REQUIRED WORK: What you return must match every record word for word.

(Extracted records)
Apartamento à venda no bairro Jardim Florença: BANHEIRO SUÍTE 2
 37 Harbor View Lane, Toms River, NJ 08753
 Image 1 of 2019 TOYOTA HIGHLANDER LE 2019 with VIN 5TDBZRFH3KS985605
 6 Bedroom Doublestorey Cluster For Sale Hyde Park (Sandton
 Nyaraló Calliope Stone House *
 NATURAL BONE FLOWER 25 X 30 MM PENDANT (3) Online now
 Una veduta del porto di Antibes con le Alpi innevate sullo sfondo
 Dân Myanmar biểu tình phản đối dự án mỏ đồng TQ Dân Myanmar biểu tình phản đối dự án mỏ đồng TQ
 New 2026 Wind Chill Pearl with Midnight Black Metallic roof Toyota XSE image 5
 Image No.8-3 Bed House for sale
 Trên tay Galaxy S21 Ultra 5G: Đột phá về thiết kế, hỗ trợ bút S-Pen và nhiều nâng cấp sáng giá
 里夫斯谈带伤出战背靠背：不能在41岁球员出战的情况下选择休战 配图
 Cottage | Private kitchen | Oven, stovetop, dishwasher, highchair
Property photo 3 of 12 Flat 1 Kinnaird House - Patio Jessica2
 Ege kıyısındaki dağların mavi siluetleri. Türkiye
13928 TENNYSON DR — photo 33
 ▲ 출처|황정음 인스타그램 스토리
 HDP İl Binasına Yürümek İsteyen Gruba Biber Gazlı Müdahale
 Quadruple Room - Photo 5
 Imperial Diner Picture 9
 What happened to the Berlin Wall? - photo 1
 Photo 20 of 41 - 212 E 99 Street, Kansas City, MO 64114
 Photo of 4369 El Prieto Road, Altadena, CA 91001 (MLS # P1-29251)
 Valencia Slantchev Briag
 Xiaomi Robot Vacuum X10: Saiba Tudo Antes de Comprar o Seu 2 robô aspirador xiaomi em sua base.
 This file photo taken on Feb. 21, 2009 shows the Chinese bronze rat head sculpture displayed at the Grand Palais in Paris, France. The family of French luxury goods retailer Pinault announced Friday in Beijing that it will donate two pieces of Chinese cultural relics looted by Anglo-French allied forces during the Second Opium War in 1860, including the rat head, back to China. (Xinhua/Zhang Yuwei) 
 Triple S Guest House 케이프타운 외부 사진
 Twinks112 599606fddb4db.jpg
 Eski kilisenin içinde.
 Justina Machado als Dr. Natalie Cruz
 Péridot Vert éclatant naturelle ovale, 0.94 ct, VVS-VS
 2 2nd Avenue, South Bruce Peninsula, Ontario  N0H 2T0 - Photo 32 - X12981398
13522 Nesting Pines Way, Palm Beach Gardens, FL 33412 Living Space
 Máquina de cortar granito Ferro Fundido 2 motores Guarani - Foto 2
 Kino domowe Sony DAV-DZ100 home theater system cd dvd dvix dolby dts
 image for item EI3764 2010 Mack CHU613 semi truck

REPLY TO THE TASK:
Apartamento à venda no bairro Jardim Florença: BANHEIRO SUÍTE 2
 37 Harbor View Lane, Toms River, NJ 08753
 Image 1 of 2019 TOYOTA HIGHLANDER LE 2019 with VIN 5TDBZRFH3KS985605
 6 Bedroom Doublestorey Cluster For Sale Hyde Park (Sandton
 Nyaraló Calliope Stone House *
 NATURAL BONE FLOWER 25 X 30 MM PENDANT (3) Online now
 Una veduta del porto di Antibes con le Alpi innevate sullo sfondo
 Dân Myanmar biểu tình phản đối dự án mỏ đồng TQ Dân Myanmar biểu tình phản đối dự án mỏ đồng TQ
 New 2026 Wind Chill Pearl with Midnight Black Metallic roof Toyota XSE image 5
 Image No.8-3 Bed House for sale
 Trên tay Galaxy S21 Ultra 5G: Đột phá về thiết kế, hỗ trợ bút S-Pen và nhiều nâng cấp sáng giá
 里夫斯谈带伤出战背靠背：不能在41岁球员出战的情况下选择休战 配图
 Cottage | Private kitchen | Oven, stovetop, dishwasher, highchair
Property photo 3 of 12 Flat 1 Kinnaird House - Patio Jessica2
 Ege kıyısındaki dağların mavi siluetleri. Türkiye
13928 TENNYSON DR — photo 33
 ▲ 출처|황정음 인스타그램 스토리
 HDP İl Binasına Yürümek İsteyen Gruba Biber Gazlı Müdahale
 Quadruple Room - Photo 5
 Imperial Diner Picture 9
 What happened to the Berlin Wall? - photo 1
 Photo 20 of 41 - 212 E 99 Street, Kansas City, MO 64114
 Photo of 4369 El Prieto Road, Altadena, CA 91001 (MLS # P1-29251)
 Valencia Slantchev Briag
 Xiaomi Robot Vacuum X10: Saiba Tudo Antes de Comprar o Seu 2 robô aspirador xiaomi em sua base.
 This file photo taken on Feb. 21, 2009 shows the Chinese bronze rat head sculpture displayed at the Grand Palais in Paris, France. The family of French luxury goods retailer Pinault announced Friday in Beijing that it will donate two pieces of Chinese cultural relics looted by Anglo-French allied forces during the Second Opium War in 1860, including the rat head, back to China. (Xinhua/Zhang Yuwei) 
 Triple S Guest House 케이프타운 외부 사진
 Twinks112 599606fddb4db.jpg
 Eski kilisenin içinde.
 Justina Machado als Dr. Natalie Cruz
 Péridot Vert éclatant naturelle ovale, 0.94 ct, VVS-VS
 2 2nd Avenue, South Bruce Peninsula, Ontario  N0H 2T0 - Photo 32 - X12981398
13522 Nesting Pines Way, Palm Beach Gardens, FL 33412 Living Space
 Máquina de cortar granito Ferro Fundido 2 motores Guarani - Foto 2
 Kino domowe Sony DAV-DZ100 home theater system cd dvd dvix dolby dts
 image for item EI3764 2010 Mack CHU613 semi truck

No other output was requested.